3 common messy data problems and how to tidy them in SAS

7 Likes

You have messy data, data which cannot be analyzed in SAS® Enterprise Miner™ due to its structure. How do you manipulate and restructure this data to make it tidy? How do you bring it into a form to which analytical models in SAS Enterprise Miner can be applied successfully? Hadley Wickham describes in great detail the attributes of "tidy data" and the process for making messy data tidy (Wickham, 2014). In short, a tidy data set has the following two attributes:

Each column forms a variable
Each row forms an observation

In a messy data set, typically a measure variable will be broken out by one or more dimension values into multiple measure columns, or one column will include two or more dimensions.

In this tip, I discuss three common messy data problems described by Wickham, and introduce the SAS code that is used to tidy this data.
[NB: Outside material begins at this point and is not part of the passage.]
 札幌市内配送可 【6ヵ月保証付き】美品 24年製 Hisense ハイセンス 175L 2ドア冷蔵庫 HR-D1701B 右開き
I also include an example messy data set and how this SAS code is used to transform and make this data set tidy. With this tip, I address Sections 3.1, 3.2, and 3.3 from Wickham’s article.
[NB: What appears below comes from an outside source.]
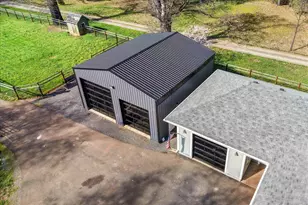 9011 Monument Dr, Grants Pass, OR 97526 - Photo 6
Messy Data Scenario 1 – Dimension values stored as column names

This data is stored in a presentation/data collection style format, where multiple Measure columns are described by the Dimension values in the column names. In this example, Measure column names W, X, Y, and Z comprise the values for a Dimension variable:

To make this data tidy, I melt, or stack, the dimension measure columns into one measure variable, and generate the dimension variable (Dim):

SAS Code used to accomplish this restructuring:

/*Generate the _CASE_ column. Clear-out any labels on the measure columns.*/
Data _temp_indata /view=_temp_indata;
 Set indata1;
 _CASE_=_n_;
 Label W=;
 Label X=;
 Label Y=;
 Label Z=;
Run;

/*Transpose columns W,X,Y,Z to generate the MEASURE and DIM columns*/
Proc transpose data=_temp_indata out=outdata (rename=(col1=MEASURE) drop=_CASE_) name=DIM;
 By _CASE_ YEAR NOTSORTED;
 Var W X Y Z;
Run;

Messy Data Scenario 2 – Multiple dimension variables stored in one column

In the below data example, a column contains values for multiple Dimension variables: X and Y in column Dim are the values for one dimension, and 1 and 2 are the values for another dimension.
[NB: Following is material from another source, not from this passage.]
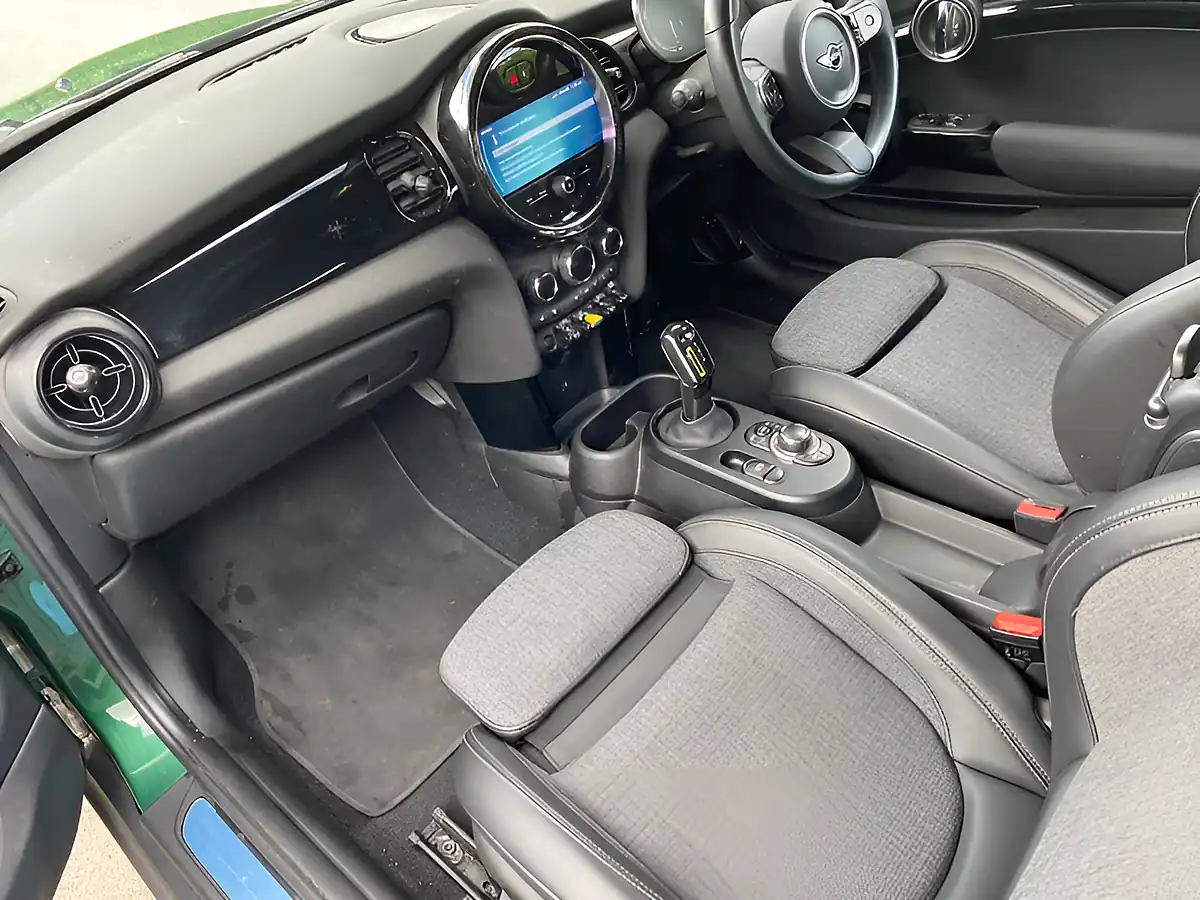 Used 2021 MINI Electric Cooper Cooper Se Green - Interior and Exterior details 10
To make this data tidy, I parse the Dim column to generate Variables Dim1 and Dim2:

SAS Code used to accomplish this restructuring:

/*Parse DIM to extract DIM1 and DIM2.*/
Data outdata;
 Set indata;
 Length DIM1 $1 DIM2 $1;
 DIM1=ksubstr(DIM,1,1);
 DIM2=ksubstr(DIM,2,1);
 Drop DIM;
Run;

Messy Data Scenario 3 – Dimension values stored as column names, and Measure variables stored in rows

This is data stored in a presentation/data collection style format, where multiple Measure columns are described by the Dimension values in their Names, and multiple Measure variables are stored in rows. In this example, Measure column names W, X, Y, and Z comprise the values of a Dimension variable, and Measure variables A and B are stored in rows. Column Type contains the names of the Measure variables (A and B):

To make this data tidy, I melt, or stack, the data to generate the dimension variable (Dim), and Measure variables A and B are rotated out as columns:

SAS Code used to accomplish this restructuring:

/*Clear-out any labels on the W,X,Y,Z measure columns.*/
Data _temp_indata3;
 Set indata;
 Label W=;
 Label X=;
 Label Y=;
 Label Z=;
Run;

/*Sort by the Identifier variables.*/
Proc sort data=_temp_indata3;
 By year;
Run;

/*Transpose the W,X,Y,Z measure columns to generate the A and B measure variables 
  and the dimension variable (DIM).*/
Proc transpose data=_temp_indata3 out=outdata name=DIM;
 By year;
 Var W X Y Z;
 Id type;
Run;

How can I run one of these programs myself?

The above described messy data problems are addressed specifically by three SAS programs:

1) tidy1.sas (Messy Data Scenario 1)
2) tidy2.sas (Messy Data Scenario 2)
3) tidy3.sas (Messy Data Scenario 3)

These SAS programs are housed in, and can be accessed from, the following GitHub repository created by Patrick Hall:

Download the Files (GitHub)

Before running one of these programs to address a messy data scenario, the program must be edited to provide property settings that are specific to the User’s data. I provide a data example below to illustrate the usage of two of these programs.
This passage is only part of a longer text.